Ein Ausgleiten auf diesen, etwa mit 30 Zentimeter Neuschnee bedeckten abschüssigen Platten hätte unfehlbar den Absturz aller vier zur Folge. Nun sind wir an der Stelle, wo ein ca. 10 Meter hohes Wandstück das Band unterbricht. Es ist mit schwarzem Wassereis überzogen. Vorsichtig tasten wir uns hinunter; eine Sicherung ist unmöglich. Von hier aus fällt ein steiles Schneeband zur Eiszunge. An einem vorstehenden Block finden wir eine verwitterte Reepschnur mit einem Abseilring versehen, stumme Zeugen eines früheren Versuchs. Hier opfern wir eine unserer Schlingen, um ebenfalls zur Zunge abzuseilen, die äusserst steil ist. Hier die Eisen anziehen ist ein Kunststück für sich. Ein Blick auf die Uhr zeigt uns die vierte Nachmittagsstunde an. Langsam hacke ich abwärts. Ein paar kräftige Schläge mit meinem treuen Almagellerpickel in das glasharte Eis, und die Stufen sind genügend, um dem Verletzten einen sichern Stand zu geben. Stufe reiht sich an Stufe. Eine Stunde, zwei Stunden hacke ich, bis die Steilheit abnimmt. Mit stark ermüdeten Fussgelenken können wir jetzt schneller absteigen und nähern uns dem Schrund.

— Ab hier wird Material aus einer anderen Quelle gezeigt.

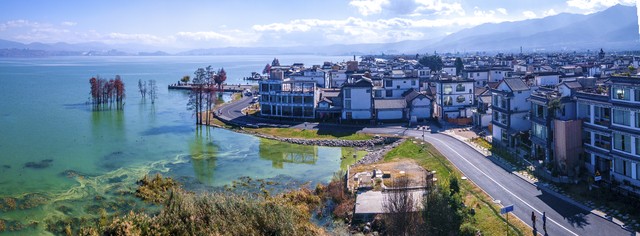 10月份到大理旅游穿衣攻略：如何在秋高气爽的日子里穿出时尚又保暖的搭配，让旅程更加完美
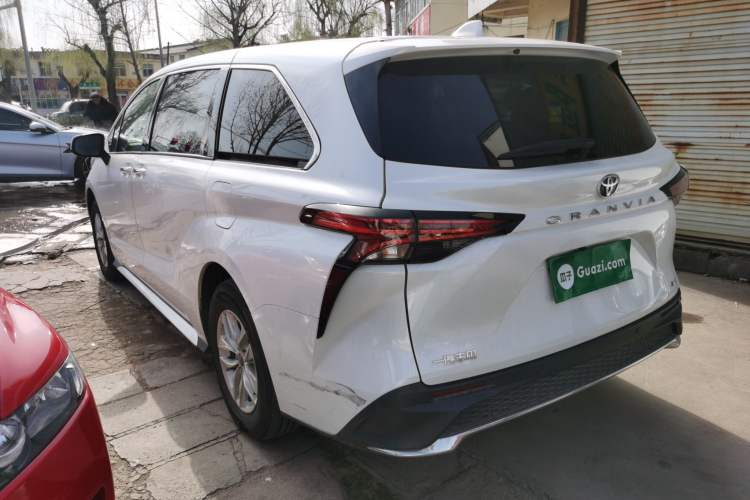 Used Toyota Granvia 2024 2.5L Hybrid Comfort Edition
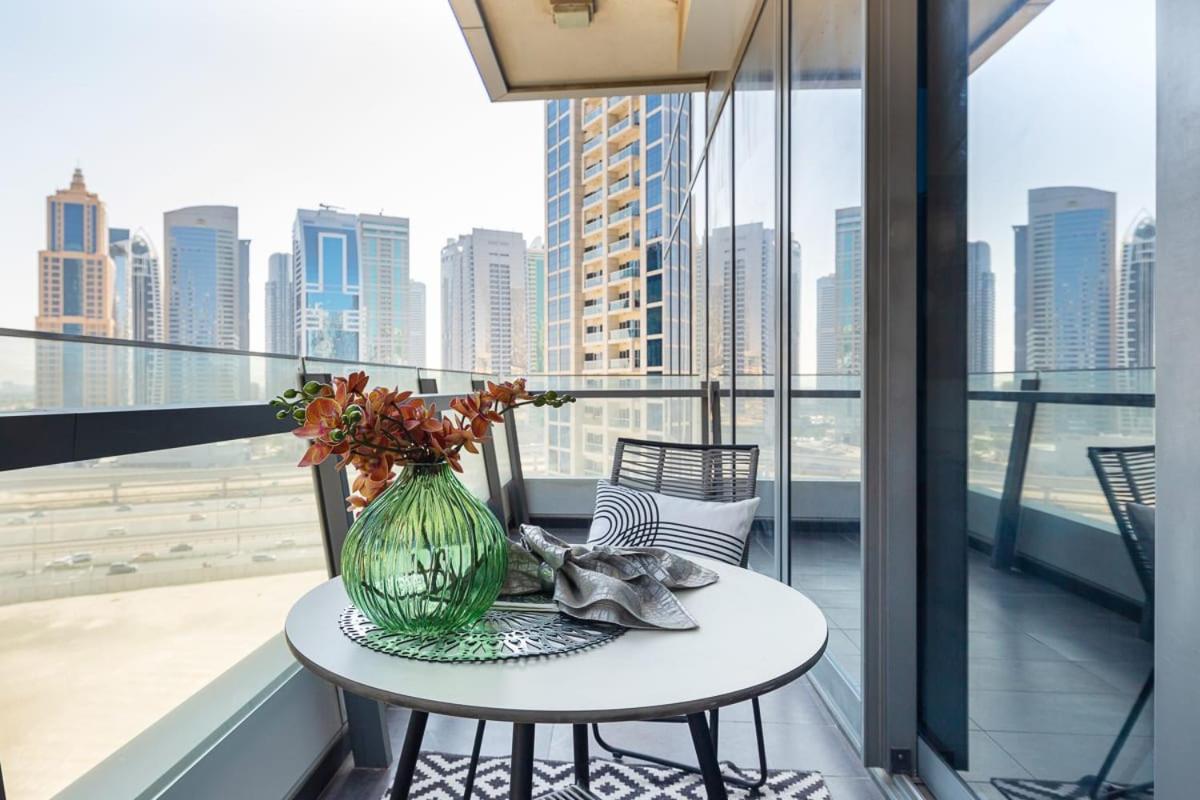 Frank Porter - Silverene Tower Apartamento Dubai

Da, wieder ein Sausen! Instinktiv reissen wir den Sack über den Kopf. Rechts und links neben uns spritzt es im Schnee auf. Noch einmal hat der Berg uns seine Waffen gezeigt. Schaurig gähnt uns der Schrund entgegen. Ein Kamerad entdeckt rechts von uns eine schmale Zunge, die sich ein Stück über den grausigen Schlund streckt. Hält sie? Ihre Dicke ist wenig Vertrauen erweckend. Am tief eingerammten Pickel gesichert, betrete ich die Zunge. Nachlassen! Ein tiefes Einatmen und ein gewagter Sprung, und ich lande auf der anderen Seite, knapp neben der Abbruchstelle. Mit fest zusammengepressten Lippen setzt auch der verletzte Kamerad zum Sprung an, und mit Hilfe eines kräftigen Seilzuges erreicht auch er meinen Standort. Dann schnell aus der Steinschlagzone heraus, denn der Schnee ist hier mit Steintrümmern übersät.

Auf dem sichern Gletscher angekommen, reichen wir einander stumm die Hände, eben als die Sonne aus den Föhnwolken hervorbricht. Es ist kein vertrauter Gipfelhändedruck, aber er kommt ihm an Innigkeit gleich. Tapfer hat sich unser verunfallter Freund gehalten. Keine Schwäche gezeigt. Immer noch sickert es rot durch den Lederhandschuh, und ab und zu fällt ein Tropfen davon in den Schnee. Ein letztes Zusammenreissen, und nach genau 15 Stunden stehen wir vor der heimeligen Hütte und legen das Seil ab, das uns so lange verbunden hat. Mit einer rührenden Herzlichkeit bewirtet uns die Mutter Ogi. Ein anwesender Klubkamerad, der Arzt ist, nimmt sich in verdankenswerter Weise unseres Verletzten an, dessen Wunde er vorsichtig behandelt und wieder gut verbindet. Ein letztes Mal wandern unsere Augen zurück zum Nordostgrat, der schon im tiefen Abendschatten liegt.